2006 Mountain West Conference baseball tournament
- Teams: 6
- Format: Double-elimination
- Finals site: Earl Wilson Stadium; Paradise, NV;
- Champions: TCU (1st title)
- MVP: Chad Huffman (TCU)
- Television: Mountiain/CBS Sports Network

= 2006 Mountain West Conference baseball tournament =

The 2006 Mountain West Conference baseball tournament took place from May 23 through 27. All seven of the league's teams met in the double-elimination tournament held at University of Nevada, Las Vegas's Earl Wilson Stadium. In their first year in the league, top seeded TCU won their first Mountain West Conference Baseball Championship with a championship game score of 9–6 and earned the conference's automatic bid to the 2006 NCAA Division I baseball tournament.

== Seeding ==
The teams were seeded based on regular season conference winning percentage only. BYU claimed the second seed over San Diego State by winning the season series between the two teams.

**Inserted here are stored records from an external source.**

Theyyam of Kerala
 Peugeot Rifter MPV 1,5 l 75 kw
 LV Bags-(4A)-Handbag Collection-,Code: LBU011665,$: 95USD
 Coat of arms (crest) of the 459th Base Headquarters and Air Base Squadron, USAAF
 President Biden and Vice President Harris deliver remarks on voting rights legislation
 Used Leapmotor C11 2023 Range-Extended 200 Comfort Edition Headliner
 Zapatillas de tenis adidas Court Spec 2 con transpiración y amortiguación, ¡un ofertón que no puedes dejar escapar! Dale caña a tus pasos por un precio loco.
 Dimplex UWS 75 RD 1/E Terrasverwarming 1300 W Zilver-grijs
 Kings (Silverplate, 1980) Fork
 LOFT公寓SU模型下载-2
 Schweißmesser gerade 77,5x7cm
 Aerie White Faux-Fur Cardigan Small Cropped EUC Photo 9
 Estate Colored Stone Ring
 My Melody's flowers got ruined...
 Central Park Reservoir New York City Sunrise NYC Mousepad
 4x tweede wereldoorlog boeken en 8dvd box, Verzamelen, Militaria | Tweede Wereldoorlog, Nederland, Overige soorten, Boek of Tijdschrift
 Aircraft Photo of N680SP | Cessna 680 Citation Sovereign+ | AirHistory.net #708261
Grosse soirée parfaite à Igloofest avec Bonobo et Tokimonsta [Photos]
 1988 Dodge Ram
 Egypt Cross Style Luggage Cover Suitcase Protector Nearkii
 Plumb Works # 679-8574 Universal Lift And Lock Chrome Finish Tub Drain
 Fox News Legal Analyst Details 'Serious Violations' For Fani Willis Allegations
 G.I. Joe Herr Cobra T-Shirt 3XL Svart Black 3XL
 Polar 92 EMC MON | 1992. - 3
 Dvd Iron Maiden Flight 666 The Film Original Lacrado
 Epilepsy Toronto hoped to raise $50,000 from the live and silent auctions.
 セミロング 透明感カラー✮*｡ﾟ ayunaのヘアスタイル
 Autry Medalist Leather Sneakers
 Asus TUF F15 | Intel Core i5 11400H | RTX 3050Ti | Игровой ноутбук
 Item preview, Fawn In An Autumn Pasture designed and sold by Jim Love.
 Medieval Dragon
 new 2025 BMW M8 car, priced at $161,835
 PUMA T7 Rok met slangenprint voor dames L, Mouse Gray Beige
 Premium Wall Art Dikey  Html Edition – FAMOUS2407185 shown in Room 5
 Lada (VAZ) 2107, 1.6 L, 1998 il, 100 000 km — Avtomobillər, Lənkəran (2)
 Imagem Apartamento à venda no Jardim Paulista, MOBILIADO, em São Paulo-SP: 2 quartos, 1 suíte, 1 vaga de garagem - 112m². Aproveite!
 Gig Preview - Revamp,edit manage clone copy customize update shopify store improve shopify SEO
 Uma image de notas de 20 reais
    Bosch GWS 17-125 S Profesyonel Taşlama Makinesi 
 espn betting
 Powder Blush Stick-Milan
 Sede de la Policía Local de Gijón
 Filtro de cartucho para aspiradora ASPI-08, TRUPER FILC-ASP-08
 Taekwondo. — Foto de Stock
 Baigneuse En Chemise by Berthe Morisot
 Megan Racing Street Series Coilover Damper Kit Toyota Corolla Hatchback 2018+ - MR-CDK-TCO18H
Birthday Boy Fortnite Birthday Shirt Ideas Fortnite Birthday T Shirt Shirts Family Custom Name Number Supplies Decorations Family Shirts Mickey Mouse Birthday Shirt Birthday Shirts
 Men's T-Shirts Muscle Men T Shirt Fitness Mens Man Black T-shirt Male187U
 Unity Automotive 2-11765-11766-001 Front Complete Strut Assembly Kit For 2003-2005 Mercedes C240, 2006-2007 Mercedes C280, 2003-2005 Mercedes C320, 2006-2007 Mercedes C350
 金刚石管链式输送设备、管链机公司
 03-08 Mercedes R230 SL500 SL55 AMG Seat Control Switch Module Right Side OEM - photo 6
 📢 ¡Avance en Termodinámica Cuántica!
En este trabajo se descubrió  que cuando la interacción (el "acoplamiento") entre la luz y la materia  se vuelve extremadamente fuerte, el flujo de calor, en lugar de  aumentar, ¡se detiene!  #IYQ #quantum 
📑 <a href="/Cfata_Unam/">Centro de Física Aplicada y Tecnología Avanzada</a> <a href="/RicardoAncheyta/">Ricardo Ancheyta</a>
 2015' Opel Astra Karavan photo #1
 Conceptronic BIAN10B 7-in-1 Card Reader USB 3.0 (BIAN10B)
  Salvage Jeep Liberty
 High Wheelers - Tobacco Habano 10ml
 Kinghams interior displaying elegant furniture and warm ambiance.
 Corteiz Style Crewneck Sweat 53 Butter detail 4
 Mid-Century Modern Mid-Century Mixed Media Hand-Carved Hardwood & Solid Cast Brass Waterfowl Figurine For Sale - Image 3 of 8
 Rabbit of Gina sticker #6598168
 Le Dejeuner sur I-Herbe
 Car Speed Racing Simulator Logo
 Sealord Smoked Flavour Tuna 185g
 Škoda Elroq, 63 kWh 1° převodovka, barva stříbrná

| Team | W | L | Pct. | GB | Seed |
|---|---|---|---|---|---|
| TCU | 17 | 5 | .773 | – | 1 |
| BYU | 14 | 8 | .636 | 3 | 2 |
| San Diego State | 14 | 8 | .636 | 3 | 3 |
| UNLV | 12 | 10 | .545 | 5 | 4 |
| New Mexico | 10 | 12 | .455 | 7 | 5 |
| Utah | 9 | 13 | .409 | 8 | 6 |
| Air Force | 1 | 21 | .045 | 16 | 7 |

== Results ==

| Date | Game | Winner | Score | Loser | Notes |
| May 23 | 1 | #6 Utah | 8–5 | #3 San Diego State |  |
| 2 | #2 BYU | 7–5 | #7 Air Force |  |
| 3 | #5 New Mexico | 17–2 | #4 UNLV |  |
| May 24 | 4 | #3 San Diego State | 26–1 | #7 Air Force | Air Force eliminated |
| 5 | #2 BYU | 9–8 | #6 Utah |  |
| 6 | #4 UNLV | 8–5 | #3 San Diego State | San Diego State eliminated |
| 7 | #1 TCU | 18–6 | #5 New Mexico |  |
| May 25 | 8 | #5 New Mexico | 12–10 | #6 Utah | Utah eliminated |
| 9 | #1 TCU | 13–6 | #2 BYU |  |
| 10 | #4 UNLV | 8–6 | #5 New Mexico | New Mexico eliminated |
| May 26 | 11 | #2 BYU | 10–4 | #4 UNLV | UNLV eliminated |
| May 27 | 12 | #1 TCU | 9–6 | #2 BYU | TCU wins tournament |

== All-Tournament Team ==

| Name | POS | Team |
|---|---|---|
| Stetson Banks | 2B | BYU |
| Jeff Hiestand | 1B | BYU |
| Patrick Wells | RHP | BYU |
| Chris Carlson | DH | New Mexico |
| Danny Ray Herrera | LHP | New Mexico |
| Brad Furnish | LHP | TCU |
| Ryan Pack | OF | TCU |
| Andrew Walker | C | TCU |
| Ryan Khoury | SS | Utah |
| Steven Trout | DH | TCU |
| Jabe Beard | RP | UNLV |

=== Most Valuable Player ===
Chad Huffman, a first baseman for the champion TCU Horned Frogs, was named the tournament Most Valuable Player.